Spargel

Der in vielen Sorten kultivierte Gemüsespargel ist eine bis zu 150 cm hoch wachsende, ausdauernde Pflanze. Der Spargel ist meist eingeschlechtlich: Die männlichen Pflanzen sind oft gedrungener und dichter im Wuchs und tragen kleine, weißlichgrüne Blüten. Die weibliche Blüte bildet als Frucht eine ziegelrote, kugelige Beere, die als gering giftig gilt (s. Hinweise). Der dicke, kurze Wurzelstock treibt nach oben einige weiße, saftige, etwa fingerdicke Sprosse, die als Gemüse verwendet werden.

Medizinisch verwendet wird der im Herbst ausgegrabene und getrocknete Wurzelstock mit Wurzeln, in der Homöopathie sind Zubereitungen aus den Sprossen gebräuchlich.

Steckbrief: Spargel, Gemüse-Spargel

Pflanze:Asparagus officinalis L.
Familie:Asparagaceae
Herkunft:Die Pflanze kommt in Mittel- und Südeuropa, Vorderasien, im westlichen Sibirien und Nordafrika vor. In den meisten Ländern wird der Spargel kultiviert.
Synonyme:Gemüsespargel

Anwendung:

Der Spargelwurzelstock enthält Saponine, für die eine harntreibende Wirkung beschrieben ist, Kohlenhydrate, Inulinartige Fructane (Asparagose), fettes Öl, Aminosäuren und reichlich Mineralstoffe, darunter vor allem Kaliumsalze. Zubereitungen aus dem Wurzelstock werden daher zur Durchspülungstherapie bei entzündlichen Erkrankungen der ableitenden Harnwege und als Vorbeugung gegen Nierengrieß verwendet. Dabei ist auf eine ausreichende Flüssigkeitszufuhr zu achten.

Die Anwendung der oberirdischen Teile des Spargels wird nicht befürwortet, da die Wirkung nicht ausreichend belegt ist.

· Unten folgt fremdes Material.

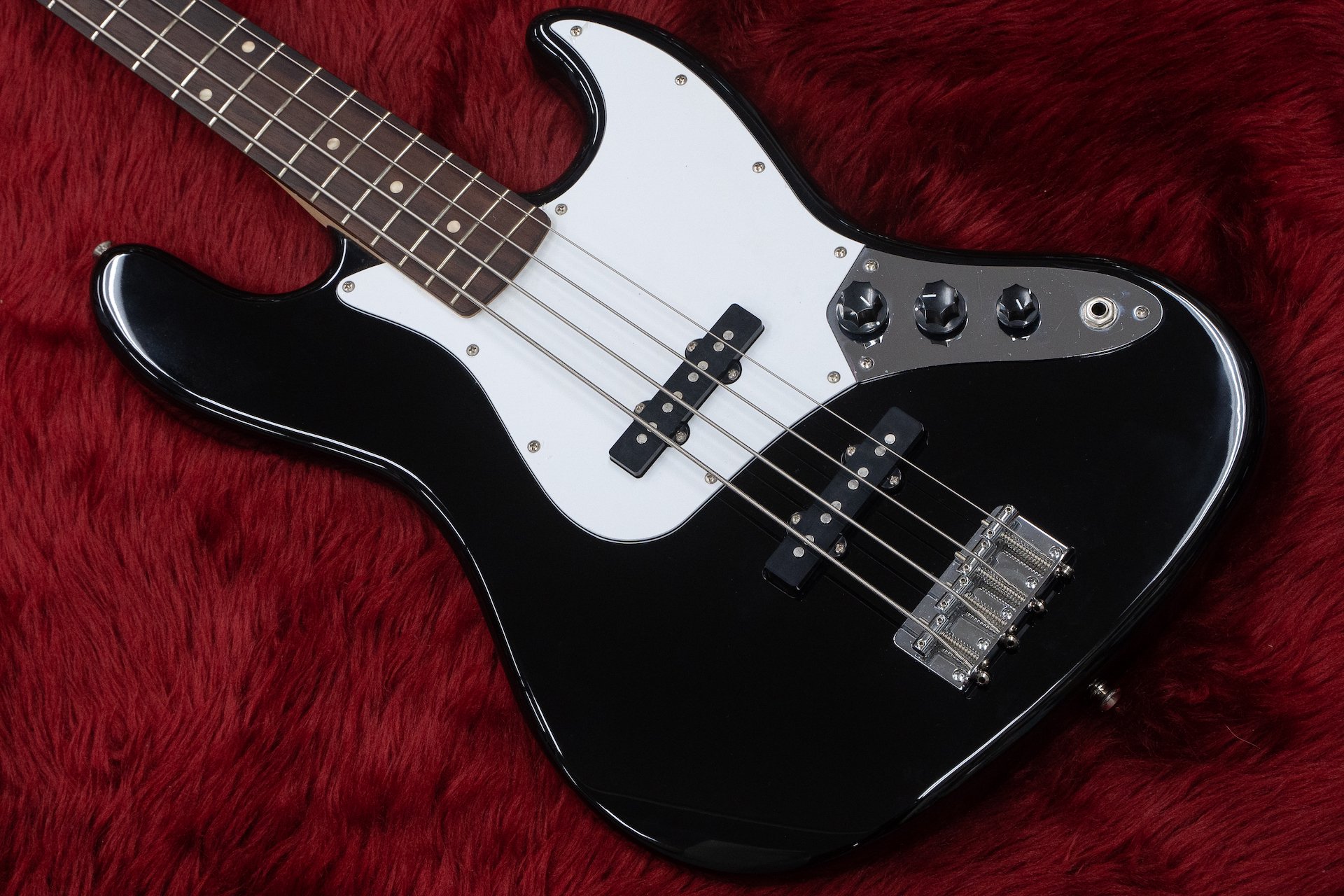 Squier / Affinity J Bass BLK/R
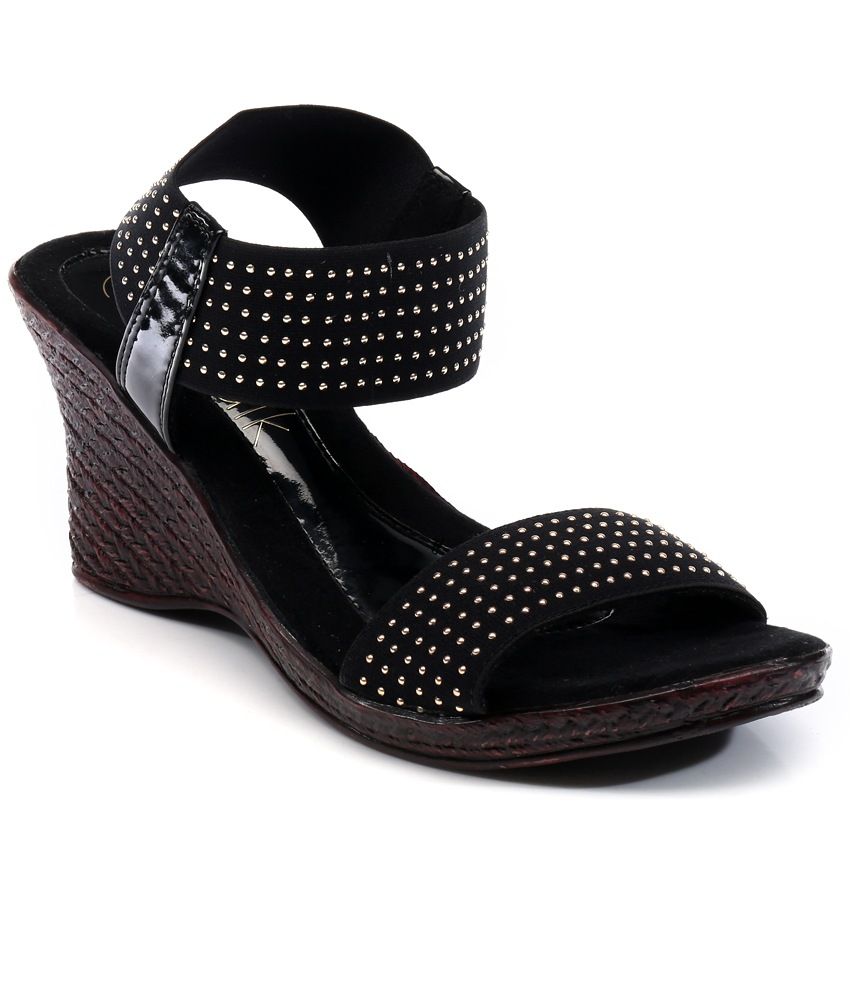 Catwalk Black Sandals Price in India Buy Catwalk Black Sandals Online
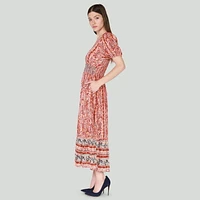 DV Maxi à taille smockée à imprimé floral avec manches courtes et ourlet à volants en gradins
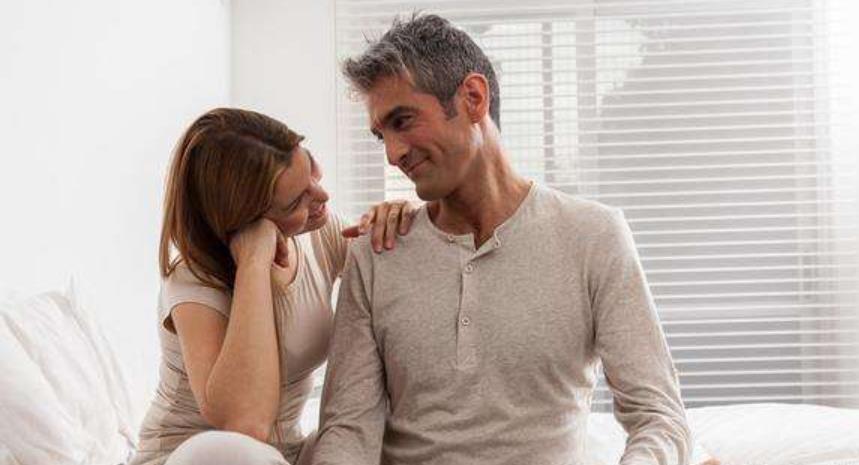 中年情人关系一般能维持多久，为什么中年男人会迷恋婚外的情人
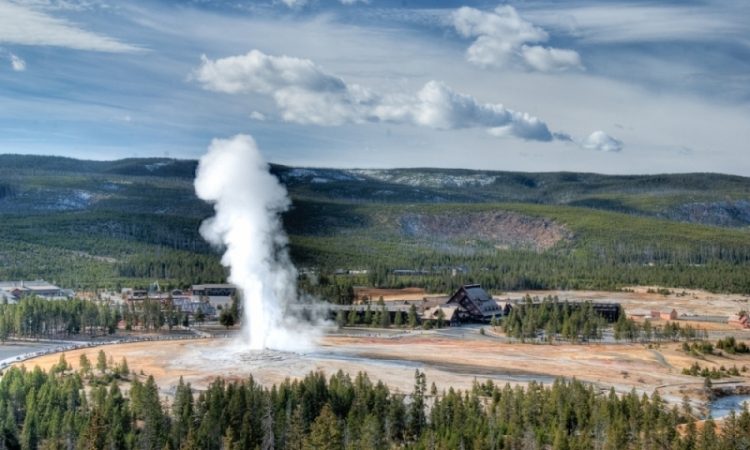 The members of the Washburn-Langford-Doane expedition discover this Old Faithful geyser in 1870.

Die Sprossen werden als kalorienarmes, mineralstoff- und vitaminreiches Gemüse geschätzt und sind eine gute Quelle für Vitamin E und Folsäure.

Dosierung:

Die Tagesdosis beträgt 45 bis 60 g getrockneter Spargelwurzelstock als Tee, bzw. Fertigpräparate entsprechend.

Zubereitungen:

Spargelwurzelstock ist Bestandteil einiger Fertigarzneimittel oder Tees aus der Gruppe der Diuretika.

Hinweise:

  • Nicht anwenden bei entzündlichen Nierenerkrankungen!
    Durch den Saponingehalt kann es zu Reizungen der Nieren kommen.
  • Nicht anwenden bei Ödemen aufgrund eingeschränkter Herz- oder Nierenfunktion!
    Diese Erkrankungen bedürfen ärztlicher Behandlung! Die bei einer Durchspülungstherapie erforderlichen Flüssigkeitsmengen können zu einer Verschlechterung des Krankheitsbildes führen.
  • Während Schwangerschaft und Stillzeit nur nach Rücksprache mit dem Arzt anwenden!
  • Über die Unbedenklichkeit liegen keine Daten vor, der Verzehr von Spargelgemüse in üblichen Mengen ist jedoch unbedenklich.
  • Bei empfindlichen Personen kann es vor allem bei Hautkontakt mit den Sprossen (z.B. beim Spargelschälen) zu allergischen Hautreaktionen, vereinzelt auch zu Heuschnupfen oder Auslösung von Asthmaanfällen kommen!
  • Während einer Durchspülungstherapie ist auf eine ausreichende Flüssigkeitszufuhr (min. 2 bis 3 l pro Tag, dabei werden coffeinhaltige und alkoholhaltige Getränke nicht mitgerechnet!) zu achten.
  • Nach dem Verzehr größerer Mengen von Beeren kann es zu Übelkeit und Erbrechen kommen. Im Zweifelsfall wenden Sie sich an den Giftnotruf.
  • Der nach Einnahme von Spargelpräparaten bzw. Verzehr von Spargelgemüse auftretende typische Geruch des Harns ist vermutlich auf Methylmercaptan zurückzuführen, das bei der Verstoffwechslung schwefelhaltiger Inhaltsstoffe des Spargels entsteht.